Hundreds of people gathered in the Baltimore Polytechnic Institute auditorium Thursday night to urge members of the Kirwan Commission to develop a formula that would more equitably fund education in Baltimore and across Maryland.
The 25-member commission, formed to revamp the way the state distributes funding to school systems, is holding public hearings across the state before issuing a report to the legislature before the end of the year. The General Assembly will then decide how to implement its recommendations.
A study released last year estimated it would take an additional $1.9 billion in state funding and $1 billion in local funding to adequately fund Maryland’s schools. In Baltimore alone, schools need an additional $358 million annually, the report found. Advocates urged the commission not to short-change the city when developing an updated funding formula.
City schools CEO Sonja Santelises said the commission must answer the question, “Do we as a society believe it is acceptable for a child’s life to be predetermined by the ZIP code in which they were born?”
More than 50 people testified during the hearing, many echoing the theme that city students need more resources to reach their potential. Baltimore Education Coalition co-chair Sharicca Boldon asked the commission to find more funding for districts that are comprised of mostly black and brown students.

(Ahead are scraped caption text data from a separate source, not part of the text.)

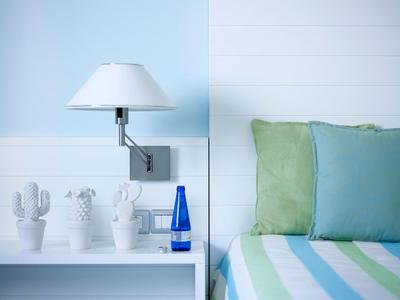 Camera luminosa con letto verde-blu, cuscini e tre piante di cactus bianche su una mensola.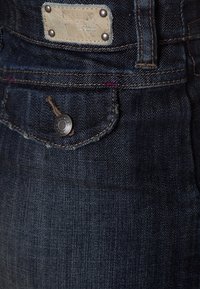 Jeans in denim scuro con tasca frontale con chiusura a bottone. Etichette visibili con dettagli di cucitura e filo a contrasto sottile.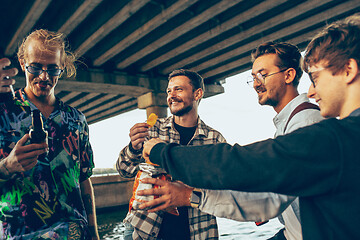 Image showing Group of friends celebrating, resting, having fun and party in summer day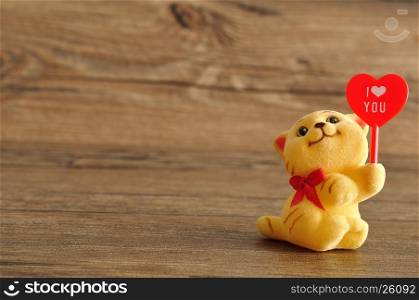 Valentine's day. A kitten figurine holding a red heart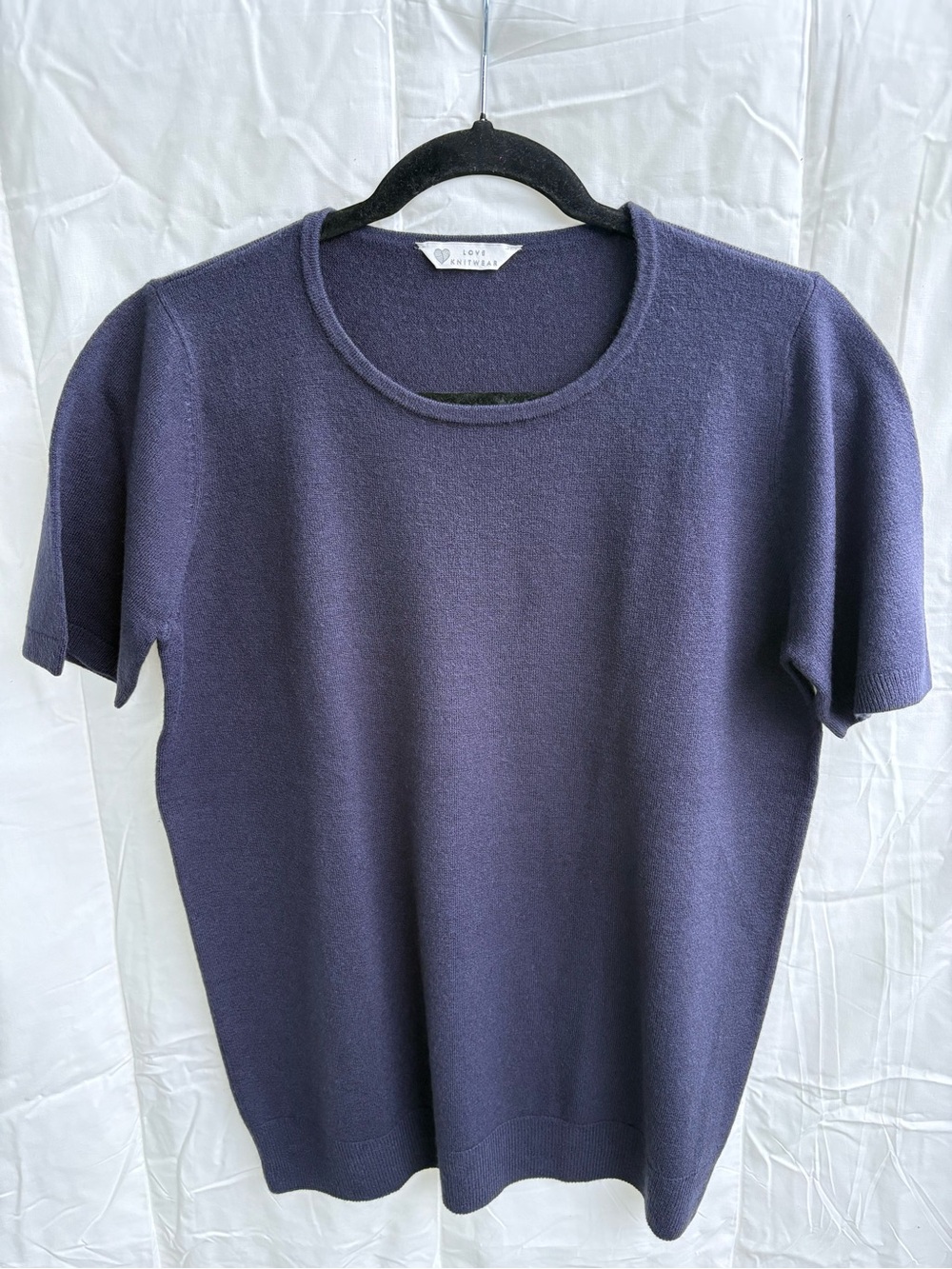 Love Knitwear shorts sleeve knit sweater in Navy Blue. Size US10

“What I know — and what all my classmates know, too — is that when schools are underfunded, we are not able to work at our maximum ability,” said City Neighbors High School student Ciera Smith. “We are trapped in a cycle of oppression and poverty which we hoped the access to education would break.”
The commission is considering whether schools should receive universal pre-kindergartender, support for community schools and additional funding for teacher salaries and capital projects.

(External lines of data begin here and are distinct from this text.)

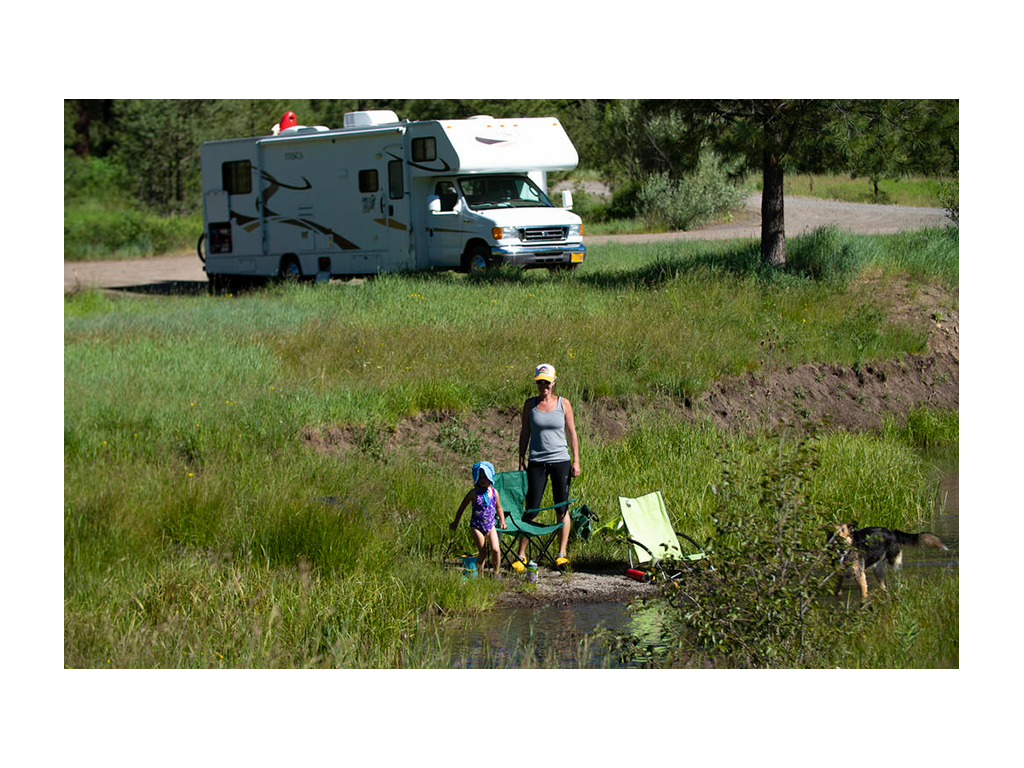 Kelly and daughter in front of their Class C Winnebago Itasca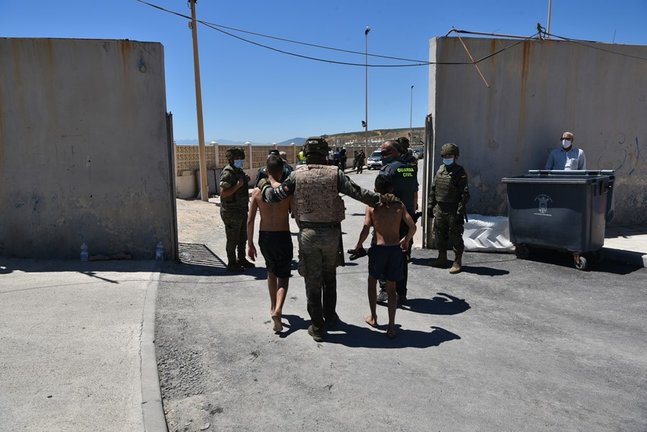 Archivo - Un militar del ejército español y un agente de la Guardia Civil ayudan a dos menores migrantes procedentes de Marruecos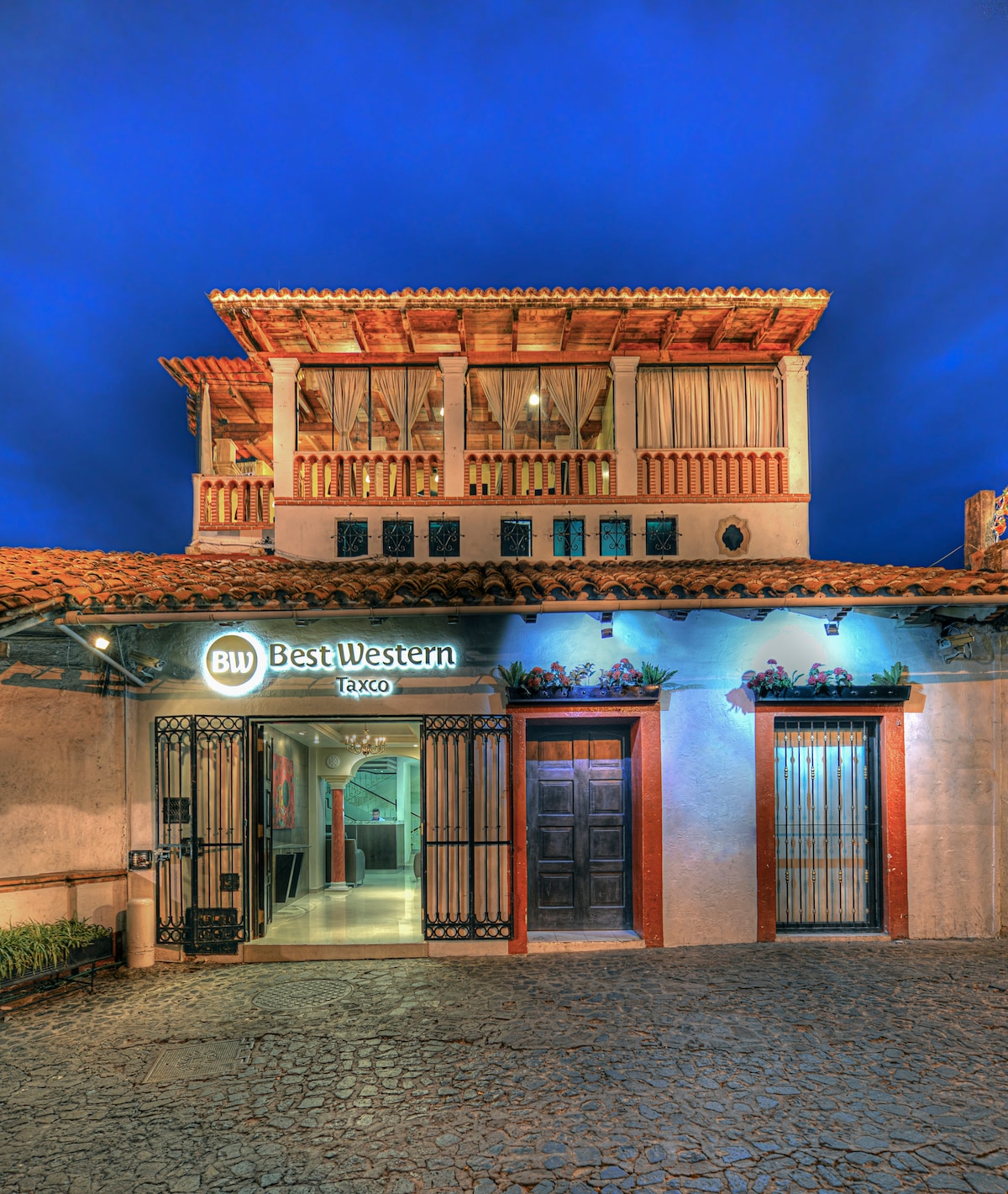 The exterior of Best Western Taxco is showcased under a deep blue sky, highlighting its charming architecture. The entrance is framed by traditional stone walls, with a wooden door adorned by decorative elements. Soft lighting accentuates the entrance, inviting guests to explore inside.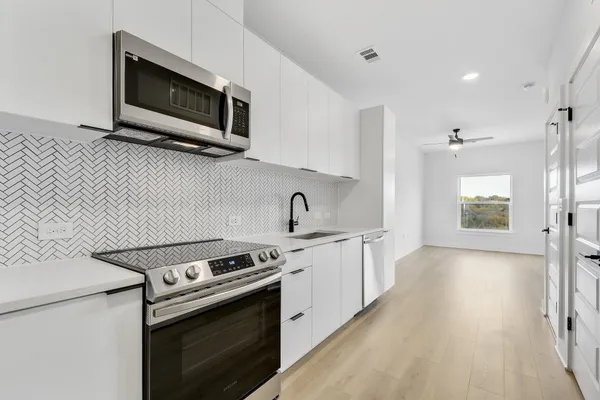 a kitchen with stainless steel appliances a stove microwave and sink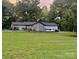 Exterior view of a home with a large yard and a mix of trees and open green space at 3470 Robinson Rd, Newton, NC 28658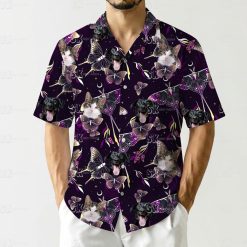 Playful hawaiian shirt with cat face prints butterflies crescent moons and flowers on dark base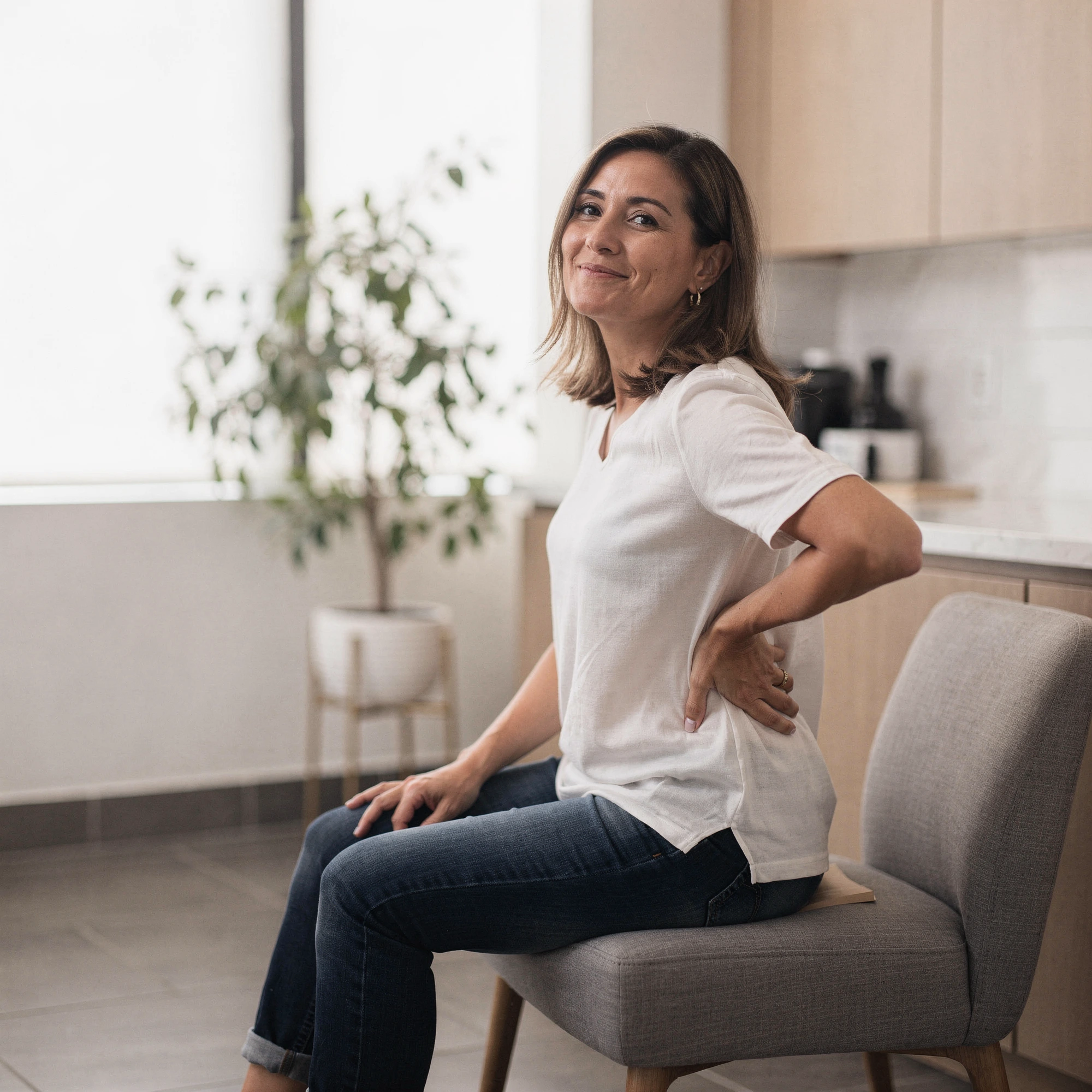 Woman sitting on a chair holding her lower back, indicating back pain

“There are just not enough teachers in the classroom,” said Pam Gaddy, a Patapsco High School social studies teacher in Baltimore County. Gaddy would put more money toward raising teacher salaries and reducing class sizes.
Eileen Edwards, a school nurse at Dogwood Elementary School in the Woodlawn area of Baltimore County, is concerned over what she said is the lack of staff to support students. “There is just not enough assistants in the schools that are behavior specialists for students who are coming to us with chronic behavior issues.”

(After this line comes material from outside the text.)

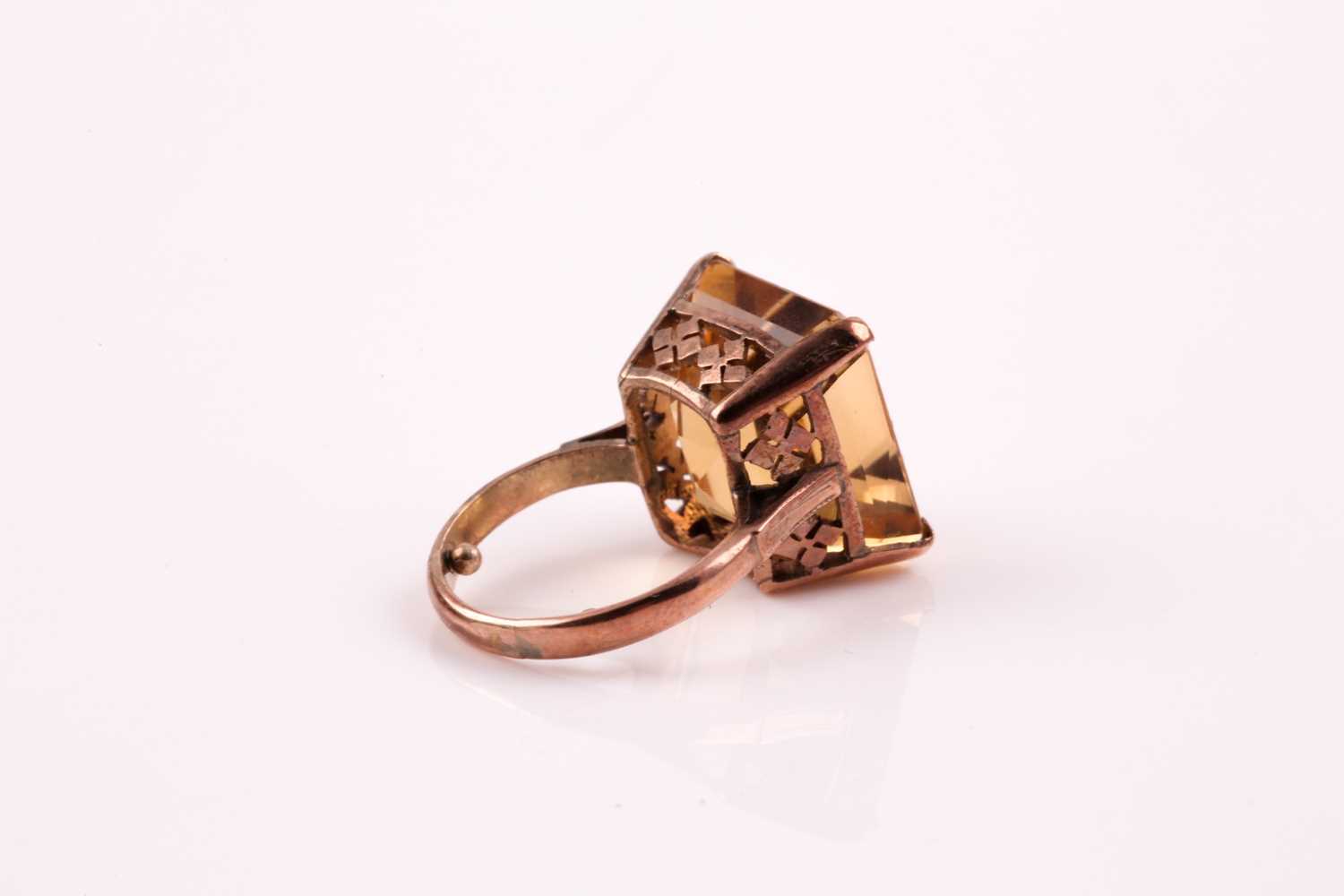 A single stone citrine ring, the square step-cut citrine, in four claw mount, foliate setting and - Image 4 of 5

Speakers urged the commission to consider students living in concentrated poverty, segregation and areas of violence. Several speakers said that concentrated poverty exists in many areas around the state, not just in the city.
“All students deserve access to a quality education,” Baltimore Mayor Catherine Pugh said. “We ask you as a commission to look at how we balance resources throughout the state to make sure that every child ends up with a quality education.”